The vocals drive "Mississippi," and every other track on the EP. The vocal treatment, from an effects and mix standpoint, is flawless. Beyond the digital manipulations, the vocals are raw, evocative, soulful, and a perfect match for whatever genre of music this is.
Lovesucker is rock, soul, garage, and also very funky. It could be called "all over the place, but not." There's a consistency. It sounds whole and purposeful, but each song remains distinct. That connecting thread may be the production, or mastering, but it's most likely that lead vocal.

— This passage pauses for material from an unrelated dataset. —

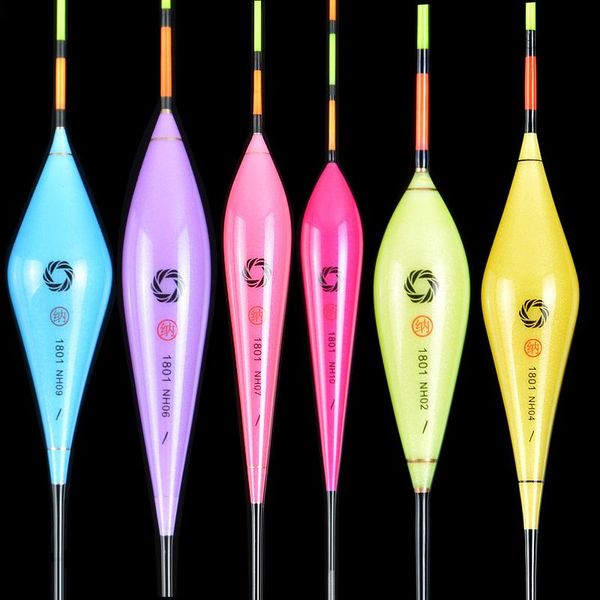 fishing accessories 6pcs/lot floats brand freshwater floaters composite nano vertical bobbers accessory hooks holders gifts
fishing accessories 6pcs/lot floats brand freshwater floaters composite nano vertical bobbers accessory hooks holders gifts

“Mississippi” is the class of the EP, before we discuss the subject matter or music video. Slavery remains a hot and controversial topic. Tackling this subject matter in a "pop" song is likely ill-advised. And even though it's a little Django-ish and possibly problematic, personally I'm not offended. Plus, the video's hot.
Lovesucker did something wholly novel here, and it works.